I spared Tanky these details, many of which he probably knew. Besides, the man had seen so much action that they wouldn’t have been worth mentioning. It would have been an infraction of something to speak of Hoffa or to refer to the evasion of a subpoena. Tanky, of course, had been forced to say no to the usual federal immunity offer. It would have been fatal to accept it. One understands this better now that the FBI wiretaps and other pieces of evidence in the Williams-Dorfman trial have been made public. Messages like: “Tell Merkle that if he doesn’t sell us the controlling interest in his firm on our terms, we’ll waste him. Not only him. Say that we’ll also hack up his wife and strangle his kids. And while you’re at it, pass the word to his lawyer that we’ll do the same to him and his wife, and his kids.”

Tanky personally was no killer. He was Dorfman’s man of business, one of his legal and financial team. He was, however, sent to intimidate people who were slow to cooperate or repay. He crushed his cigar on the fine finish of desks, and broke the framed photographs of wives and children (which I think in some cases a good idea). Millions of dollars had to be involved. He didn’t get violent over trifles.

And naturally it would have been offensive to speak of Hoffa, for Tanky might be one of the few who knew how Hoffa had disappeared. I myself, reading widely (with the motives of a concerned cousin), was persuaded that Hoffa had entered a car on his way to a “reconciliation” meeting in Detroit. He was immediately knocked on the head and probably murdered in the backseat. His body was shredded in one machine, and incinerated in another.

Much knowledge of such happenings was in Tanky’s looks, in the puffiness of his face—an edema of deadly secrets. This knowledge made him dangerous. Because of it he would go to prison. The organization, convinced that he was steadfast, would take care of him. What he needed from me was nothing but a private letter to the judge. “Your honor, I submit this statement to you on behalf of the defendant in U.S. v. Raphael Metzger. The family have asked me to intercede as a friend of the court, and I do so fully convinced that the jury has done its job well. I shall try to persuade you, however, to be lenient in sentencing.

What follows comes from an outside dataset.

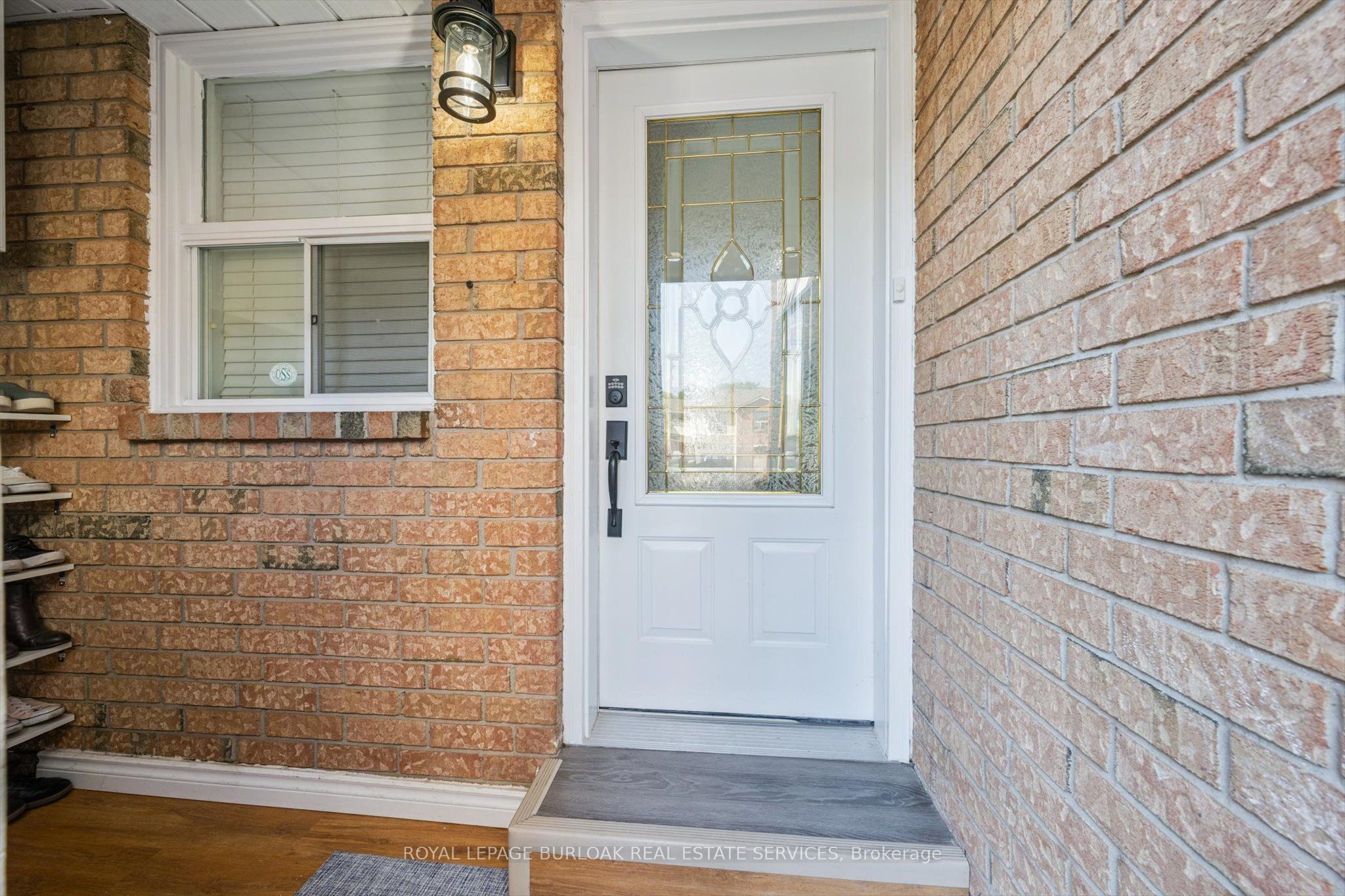2152 Pelee Boulevard, Oakville, ON L6H 4C8 photo 5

Metzger’s parents were decent, good people….” Adding, perhaps, “I knew him in his infancy” or “I was present at his circumcision.”

These are not matters to bring to the court’s attention: that he was a whopping kid; that nothing so big was ever installed in a high chair; or that he still wears the expression he was born with, one of assurance, of cheerful insolence. His is a case of the Spanish proverb: Genio y figura Hasta la sepultura.

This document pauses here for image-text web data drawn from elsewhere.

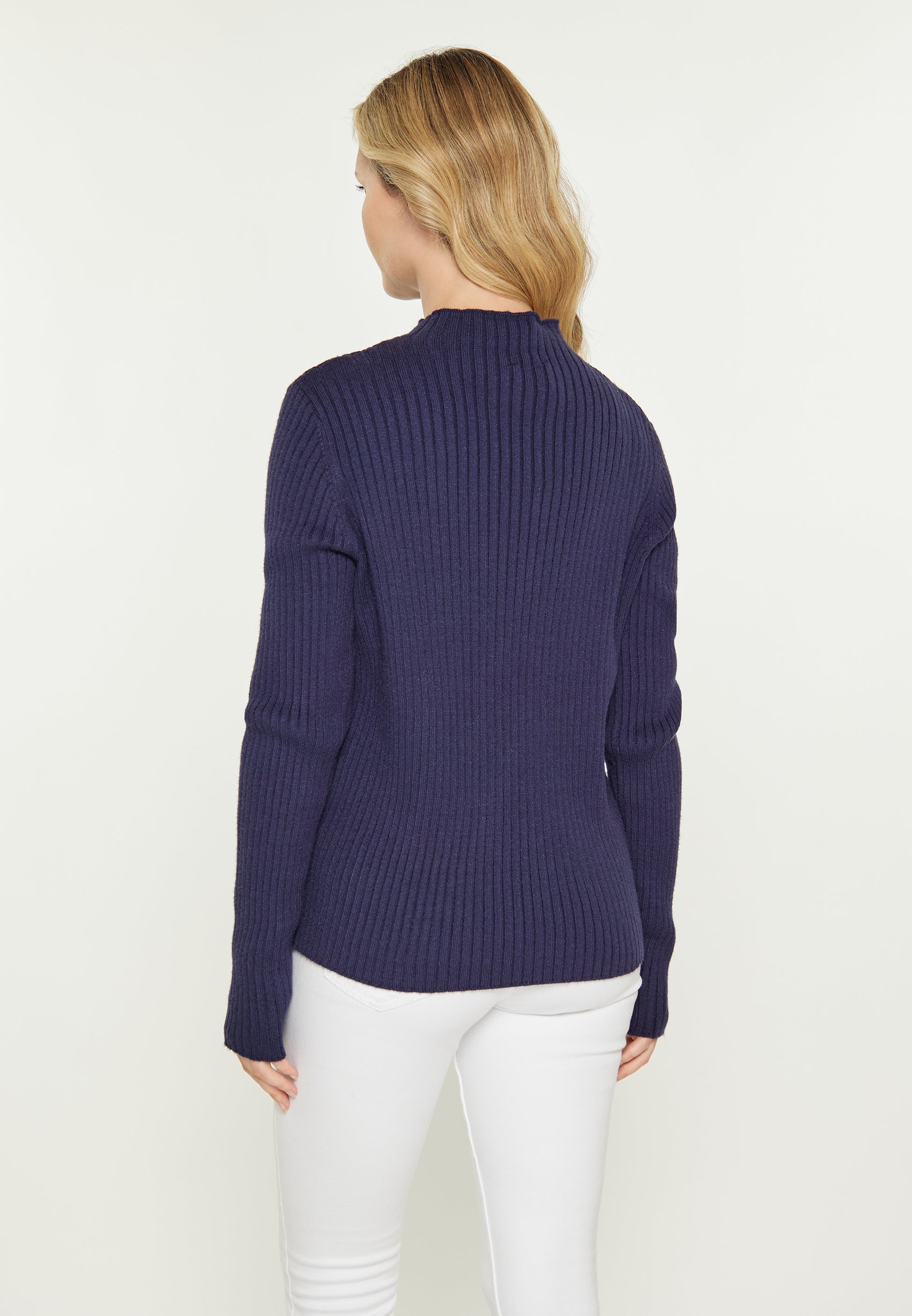 Kawai Women's Sweater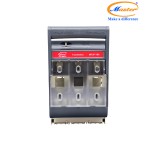 Ngắt Mạch Cầu Chì MT3P-160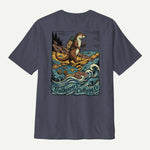 heather navy_back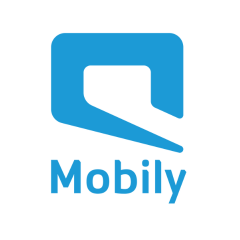 Mobily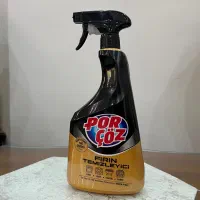 اسپری چربی زدا پور جوز ترکیه ایی اصل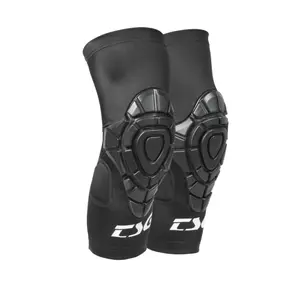 Protetor de joelho para bicicleta TSG Sleeve Joint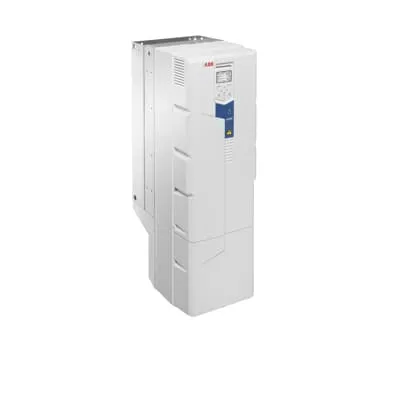 ABB ACQ580-01-246A-4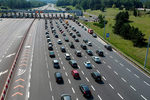 Czy polskie autostrady są warte swojej ceny? 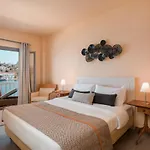 Megisti Hotel
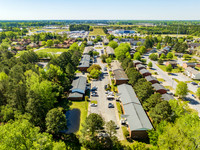 3002-caldwell-drn0054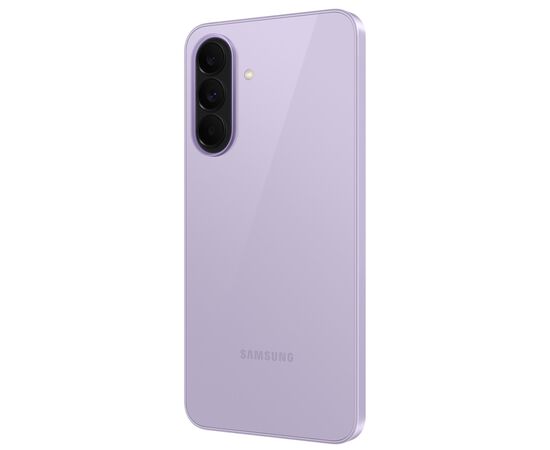 Мобильный телефон Samsung Galaxy A37 5G 8/256Gb Light Violet (SM-A376BLVGEUC), изображение 7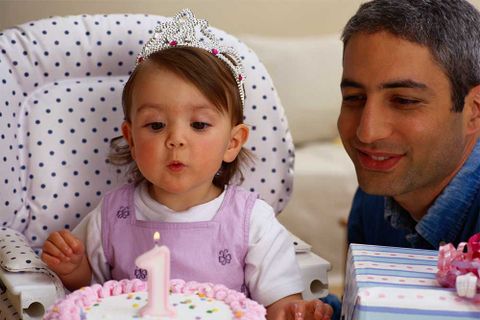 Why can't we remember being babies? - Vimarsana News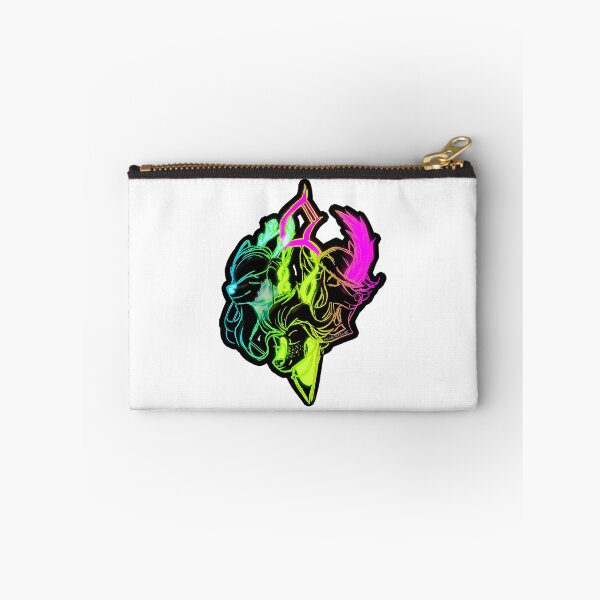 Item preview, Hhsu_Mash - Version 4 designed and sold by iaannantamar.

The divine or, as most would prefer to say, the genetic stamp visible even in corruption and ruin. And we belong to the same genetic pool, with a certain difference in scale. My frame is much narrower. Nevertheless, some of the same traits are there, creases in the cheeks, a turn at the end of the nose, and most of all, a tendency to fullness in the underlip—the way the mouth works toward the sense-world. You could identify these characteristics also in family pictures from the old country—the Orthodox, totally different human types. Yet the cheekbones of bearded men, a band of forehead under a large skullcap, the shock of a fixed stare from two esoteric eyes, are recognizable still in their descendants.

Cousins in an Italian restaurant, looking each other over. It was no secret that Tanky despised me. How could it be a secret? Cousin Ijah Brodsky, speaking strange words, never really making sense, acting from peculiar motives, obviously flaky. Studied the piano, was touted as some kind of prodigy, made a sensation in the Kimball Building (the Noah’s ark of stranded European music masters), worked at Comptons Encyclopedia, edited a magazine, studied languages—Greek, Latin, Russian, Spanish—and also linguistics.

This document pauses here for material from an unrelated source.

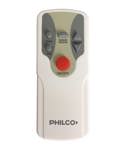 Climatizador De Aire Portatil 6,5L Philco CP1819P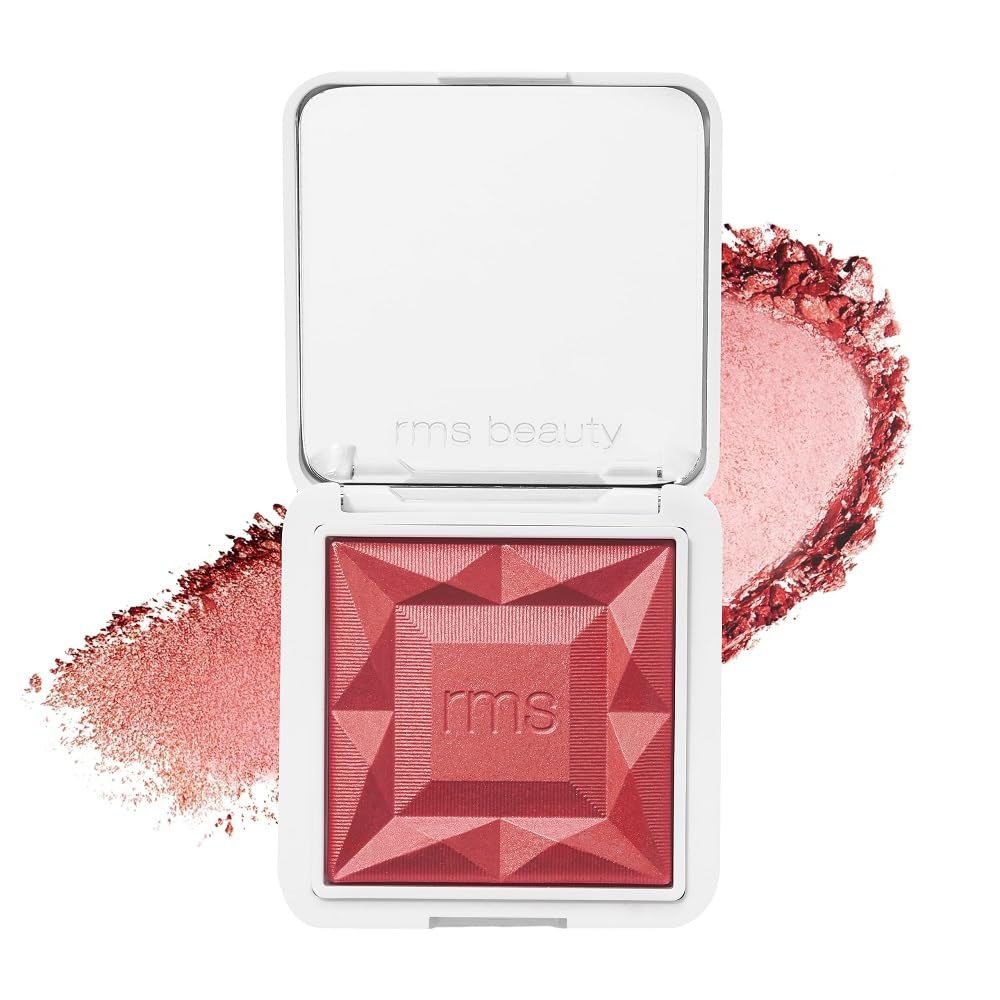 rms beauty powder blush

I had taken America up in the wrong way. There was only one language for a realist, and that was Hoffa language. Tanky belonged to the Hoffa school—in more than half its postulates, virtually identical with the Kennedy school. If you didn’t speak real, you spoke phony. If you weren’t hard, you were soft. And let’s not forget that at one time, when his bosses were in prison, Tanky, their steward, managed an institution that owns more real estate than the Chase Manhattan Bank.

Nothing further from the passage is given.